Luca de Meo, l’illuminato CEO di Kering, ci tiene a rassicurare tutti: il terzo trimestre è un chiaro segnale positivo, anche se la performance è ancora tristemente lontana dal livello del mercato. Evidentemente, l’incantesimo tarda a prendere forma del tutto.

Luca de Meo ha dichiarato:

«Questa conferma la mia determinazione a intervenire su tutti gli aspetti dell’azienda per riportare le nostre Maison e il Gruppo al prestigio che meritano. Stiamo lavorando senza sosta al nostro turnaround, come dimostrano le decisioni recenti.»

Risalita e altro colpo di scena: vendite e cessioni

Nel bel mezzo di questo “volo radente”, Kering ha anche annunciato qualcosa che fa molto crisi mode: la vendita del suo comparto bellezza a L’Oréal per la modica cifra di 4,7 miliardi di dollari. Una mossa pensata per tagliare i debiti e fissare la lente d’ingrandimento solo sui business fashion-core. Tradotto: via gli orpelli, spazio ai grandi nomi e alle borse di lusso a cifre esorbitanti.

Non si è fatta attendere la risposta di Deutsche Bank, che ha subito alzato l’obiettivo di prezzo per Kering a 300 euro, malgrado le azioni fluttuassero intorno a 340 euro. Par di capire che qui giocano al rialzo come si fa in borsa, anche se i conti restano una meraviglia di contraddizioni.

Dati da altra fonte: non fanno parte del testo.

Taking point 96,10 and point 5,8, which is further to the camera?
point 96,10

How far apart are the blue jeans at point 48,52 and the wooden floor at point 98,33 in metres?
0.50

Adam Cochrane di Deutsche Bank ci ha regalato la sua illuminante analisi:

«Il miglioramento nella performance è diffuso in tutti i principali brand, con margini lordi e spese operative sotto controllo che assicurano un buon passaggio agli utili operativi. In particolare, Gucci ha guadagnato terreno grazie a una rinfrescata delle linee di pelletteria, soprattutto borse, negli ultimi 18 mesi, e ciò dovrebbe favorire la nuova collezione prêt-à-porter ispirata a Demna prevista per la prima metà del 2026.»

Ma non è finita qui: gli analisti di UBS ci informano che il rapporto di Kering è una conferma di un «contesto globale del settore migliorato» e del primo successo delle strategie di rilancio imboccate dal management.

Tuttavia, un brioso colpo di realismo giunge con una riflessione pungente:

«In definitiva, dal momento che la ripresa della storia azionaria ruota attorno al rilancio di Gucci, i pessimisti potrebbero argomentare che Gucci è migliorata allo stesso ritmo degli altri marchi, suggerendo quindi che i segnali di un momentum che supera il gruppo siano limitati.»

Il bubble del lusso tra boom e rischi serissimi

Con un’impennata del 33% in borsa da inizio anno, Kering cavalca l’onda di un settore lusso che appare in pieno boom. Che inganno! Tra vendita stagnante, rincari galoppanti e nuove tensioni commerciali, la domanda per i beni esclusivi è tutt’altro che una strada spianata.

Settimana scorsa il rally delle azioni europee del lusso, inclusa la nostra beniamina Kering, si è visto solo dopo la sorprendente ripresa di LVMH. Un enorme colosso francese che funge da indiscusso barometro per il settore. Ma mentre LVMH sembra sorridere, Kering si barcamena tra sfide uniche: domanda in calo per i marchi chiave, un cambio ai vertici e la spaventosa batosta del 25% di Gucci nel secondo trimestre che ha fatto rabbrividire gli investitori.

Riassumendo, tra dichiarazioni ottimistiche, cessioni strategiche e numeri che oscillano tra la speranza e il disastro imminente, il lato scintillante della moda di lusso ci regala la sua eterna commedia fatta di alti e bassi, se non proprio di cadute rovinose.